Bok Nal - also known as Malbok - is held on separate days in July and August, supposedly the hottest of the year, when Koreans eat the most dog meat.
The 54-year-old's expletive-ridden rant directed at the "dog torturers" follows his equally outspoken campaign against the controversial Yulin Dog Meat Festival, in China, last month.
Ricky Gervais slams the South Korean's dog meat festival, the Boknal Days, in epic Twitter rant
Millions voiced their anger at the Yulin Dog Meat Festival, which traditionally sees thousands of canines and cats tortured before being killed for meat.

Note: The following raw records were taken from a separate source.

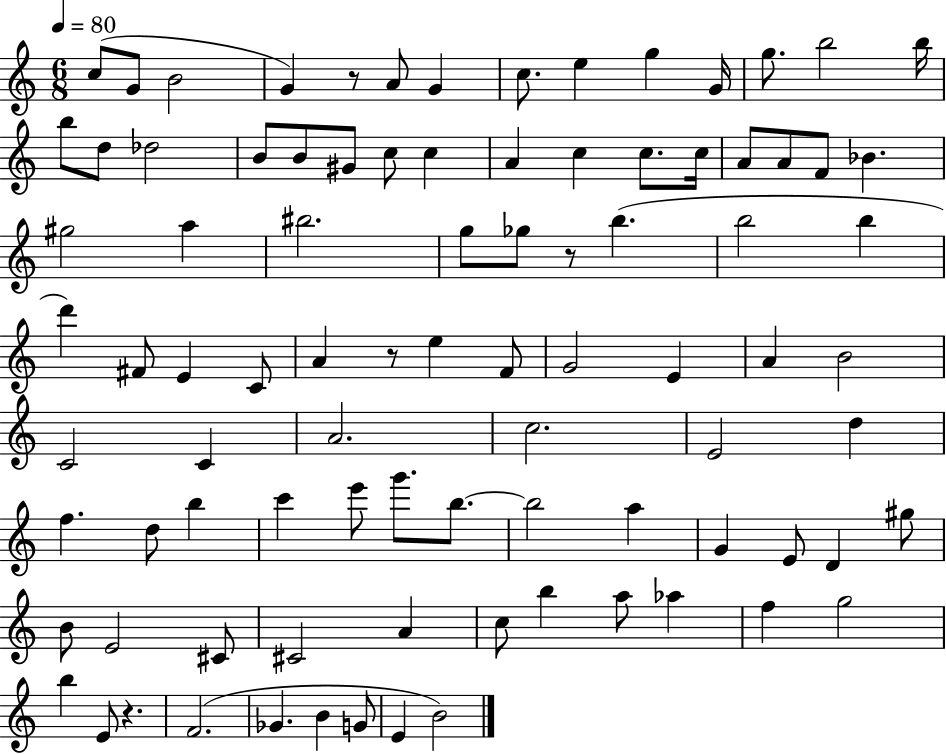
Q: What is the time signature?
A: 6/8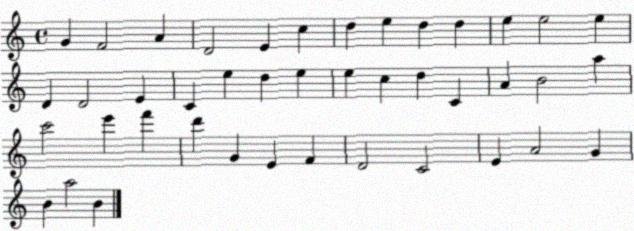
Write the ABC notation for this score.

X:1
T:Untitled
M:4/4
L:1/4
K:C
G F2 A D2 E c d e d d e e2 e D D2 E C e d e e c d C A B2 a c'2 e' f' d' G E F D2 C2 E A2 G B a2 B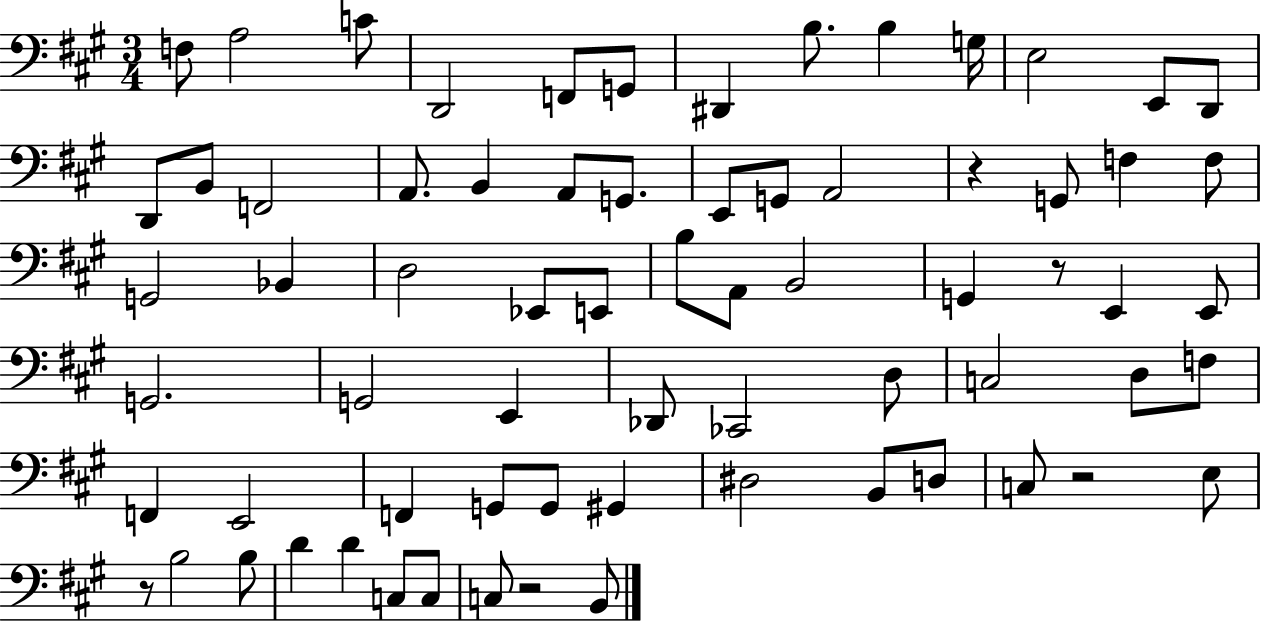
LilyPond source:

{
  \clef bass
  \numericTimeSignature
  \time 3/4
  \key a \major
  f8 a2 c'8 | d,2 f,8 g,8 | dis,4 b8. b4 g16 | e2 e,8 d,8 | \break d,8 b,8 f,2 | a,8. b,4 a,8 g,8. | e,8 g,8 a,2 | r4 g,8 f4 f8 | \break g,2 bes,4 | d2 ees,8 e,8 | b8 a,8 b,2 | g,4 r8 e,4 e,8 | \break g,2. | g,2 e,4 | des,8 ces,2 d8 | c2 d8 f8 | \break f,4 e,2 | f,4 g,8 g,8 gis,4 | dis2 b,8 d8 | c8 r2 e8 | \break r8 b2 b8 | d'4 d'4 c8 c8 | c8 r2 b,8 | \bar "|."
}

Many of the Chinese animals are believed to be pets, taken from the streets, with hundreds reportedly still wearing their collars.
In contrast, the South Korean 'festival' sees dogs nearly exclusively farmed, rather than taken from the streets.
Humane Society International has been working to end the trade, specifically shutting down two dog meat farms and rescuing the animals.
The actor and director begins his Twitter rant saying that material he has read on the matter has nearly reduced him to tears.
Some people did not appreciate Gervais' swearing:
To his critics, The Office creator had this to say:
Despite the "offensive" language, many people looked beyond the swearing and were in full support of Gervais' views:
Gervais' outspoken condemnation even gained the support of another celebrity, with Hilary Swank chiming in to thank him:
Unlike other Asian countries, where dogs are stolen or snatched from the street, in South Korea they are bred on dog meat farms in appalling conditions.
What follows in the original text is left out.